WHAT YOU HAVE TO DO: Here the job is to transcribe the data exactly while omitting the images.

****************

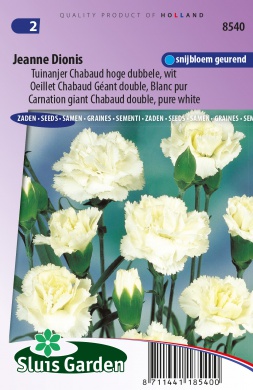 Dianthus caryophyllus Chabaud double Jeanne Dionis pure white cca 90 semien.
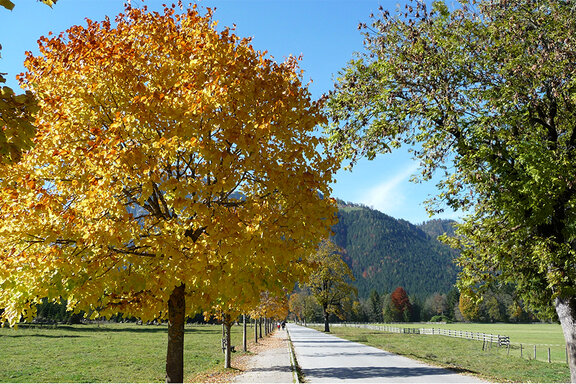 Herbstliche Allee bei Pertisau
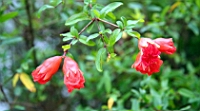 IMG_6921.JPG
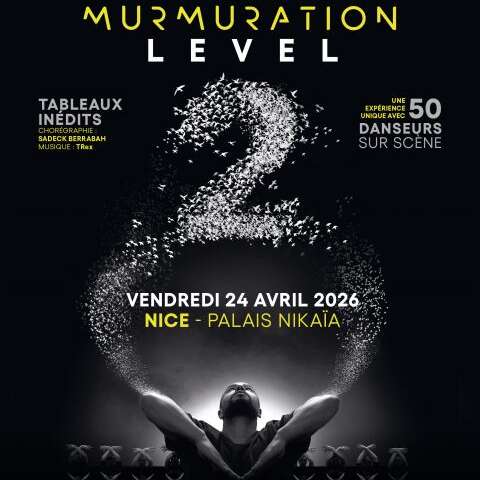 Murmuration Level 2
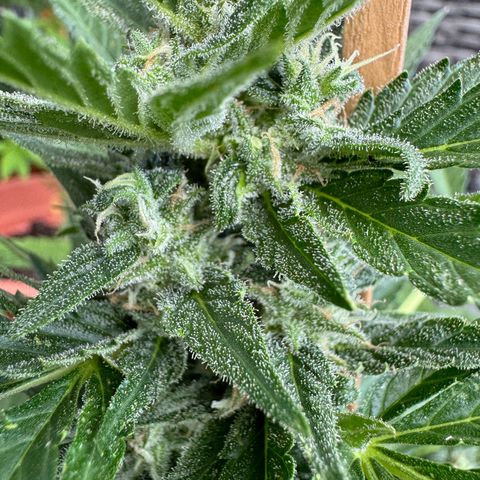 Purple Haze Automatic growlog timeline photo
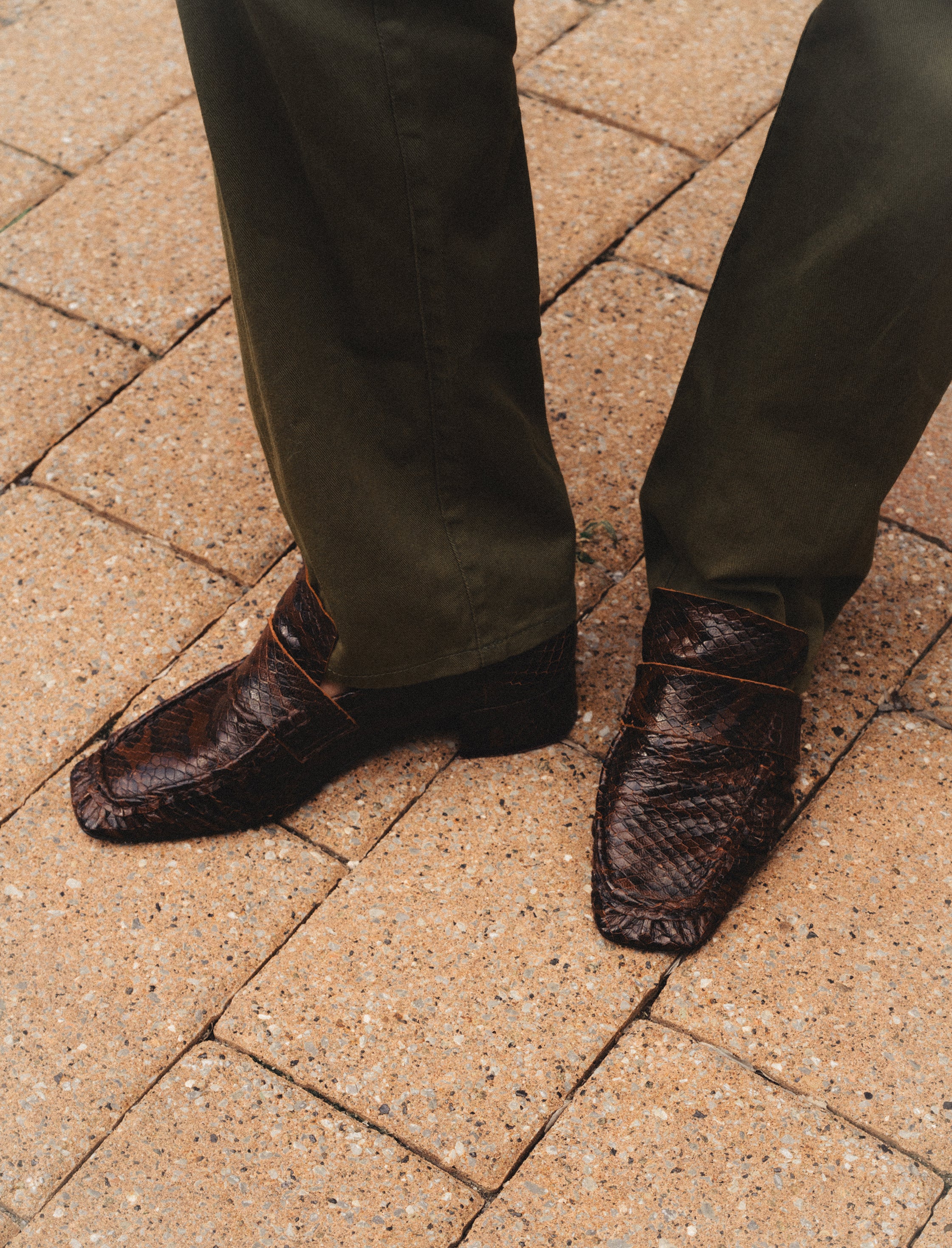 Navas Brown Snake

****************

SOLVED PROBLEM:
 Dianthus caryophyllus Chabaud double Jeanne Dionis pure white cca 90 semien.
 Herbstliche Allee bei Pertisau
 IMG_6921.JPG
 Murmuration Level 2
 Purple Haze Automatic growlog timeline photo
 Navas Brown Snake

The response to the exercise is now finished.